I don’t know about anyone else, but I don’t comment to try and soothe or calm you. I don’t know you, so I’d be a smashing failure some way or other if I tried. I comment because I want you to know that you’re heard, and that your words and experiences matter. If comfort happens, that’s wonderful and I’m glad.
November 19th, 2006 at 12:22 am
Well, I’m afraid that came off wrong in the writing… I don’t mean to discourage anybody from posting, because it means the world to me.
I mean, theres a very large part of me that realizes that this stuff, the writing, and the commenting, and the immediacy of this does some folks a whole lotta good. The grieving process is a human condition, and draws us together intimately.
I was telling somebody that its kinda like when you went on an overnight trip in high school with classmates, like a band trip, or something. For those days you do that, the people you normally associate with one thing become something else. When you get back to normal life, a shadow of that remains, and brings them closer to you.
Or something.
November 19th, 2006 at 12:24 am
I can’t say it any better than those who’ve commented above me here. I agree with them all. You’ll get through this. You need some time alone so you can let all of the walls around you down and grieve.
November 19th, 2006 at 12:26 am
well, i have to agree with you about Anodyne…and i’m a bit reticent to give this recommendation because it might strike too close too soon…but i’m a firm believer in the healing powers of well crafted lovely melancholy, so:
download (on your fancy pants new machine)
“i don’t think i’ll ever get over you” - colin hay
“lay me down” - connells
“bright smile” - josh ritter
boy, i’ve got a mix for you, if you want some new burned for you.
if you want a stranger to send you music, i’d happily oblige. just drop a line to
healyhutch at hotmail dot com
-jana
November 19th, 2006 at 12:48 am
No words of wisdom. No quotes or poetry. No advice.
Just I am sorry. I am so very sorry.
November 19th, 2006 at 12:51 am
Yeah, I was a bandie. “Or something” is right.
I didn’t feel discouraged from posting. (Hah! Just try!) The reason I came back tonight, actually, was to share that I think I’ve figured out why I’ve commented a few times.

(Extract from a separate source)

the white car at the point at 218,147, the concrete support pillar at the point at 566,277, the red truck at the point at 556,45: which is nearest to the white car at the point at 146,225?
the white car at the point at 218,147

I never know what to write in greeting cards, I always feel stilted and awkward and I don’t do trite phrases or platitudes well. (Hence the naked-samurai-sword reference.) But I commented here, unasked, because this whole process, of you writing and everyone else reading, HAS been very intimate and personal, and I admire the hell out of you for that. And wanted to offer something of myself, though it pales in comparison, in return. Even if it’s just smartass or therapisty remarks, both of which apply.
And let me know when you figure out what it’s like to return to a normal life.
November 19th, 2006 at 12:52 am
You don’t know me…. I live in Western Canada…. I stumbled upon your blog through a link from VOX. Yesterday in fact. I read the pivotal post, and then was compelled to read back, and back, and back… and have been keeping up with you several times today. I just wanted to let you know that your writing has, and probably will continue to touch me. It makes me truly want to grab my loved ones and never let go. And man. Your boys. My heart is so heavy for them. Your little Pigpen… my Magoo is roughly the same age, and I just couldn’t imagine him losing me….. not being there to tell him myself that he’s a good, good boy. Or my Meister who is 12…at the age where he doesn’t want to admit that he still needs me… but I can still see the mommy -craving in his eyes sometimes. Just know that you’ve made someone think twice about what’s important in a day, through your sharing of yourself and BJ. And also…. you are one helluva writer. I’m hooked. Keep breathing.
November 19th, 2006 at 12:53 am
I agree with what Leslie wrote wholeheartedly; BJ’s story is ongoing b/c it lives on through you, MastaG and Pigpen. As for people commenting, I’ll just speak for myself and tell you that I would never flatter myself enough to believe that anything I write in here has or would somehow comfort you, but as Kate wrote above, I just want you to read how much you’ve touched complete strangers with all you’re going through; and the fact that I come here to check on how you’re doing as I would a good friend, and cry for you and your family as I would for my own family… well, I just think it’s important for you to know that we’re here standing beside you, in that virtual way. Take good care.
November 19th, 2006 at 12:57 am
I wish you much peace and comfort while you go through all the emotions that you will surely feel while the boys are gone. I get from your postings that you are an awesome dad. The boys are very lucky to have you. BJ will always be with you and watching out for you and her children. I believe that if you ask for some sort of sign from her now or in the future that something will happen to let you know that she is on the other side and everything is good. Hope you have a restful night and pigpen doesn’t get sick again. Keep giving them lots of hugs and kisses before they leave. flameslgs
November 19th, 2006 at 2:32 am
I keep wracking my brain — what did they teach me in minister/bible school. Not much on this subject. Truth be told, this will come at you from the right and left, sideways, and backwards, but will never really stare you down. Grief is unfortunatly like that. And that pain you feel — that heaviness that just sort of hangs in your chest — the knawing feeling, the stuff in your mind thats like broken sentences and that word you can not seem to think of (in a bad way) — grief. If Greif was a person I would help you beat the shit out of him. But God knows I have flet him, but never seen Grief in a dark parking lot.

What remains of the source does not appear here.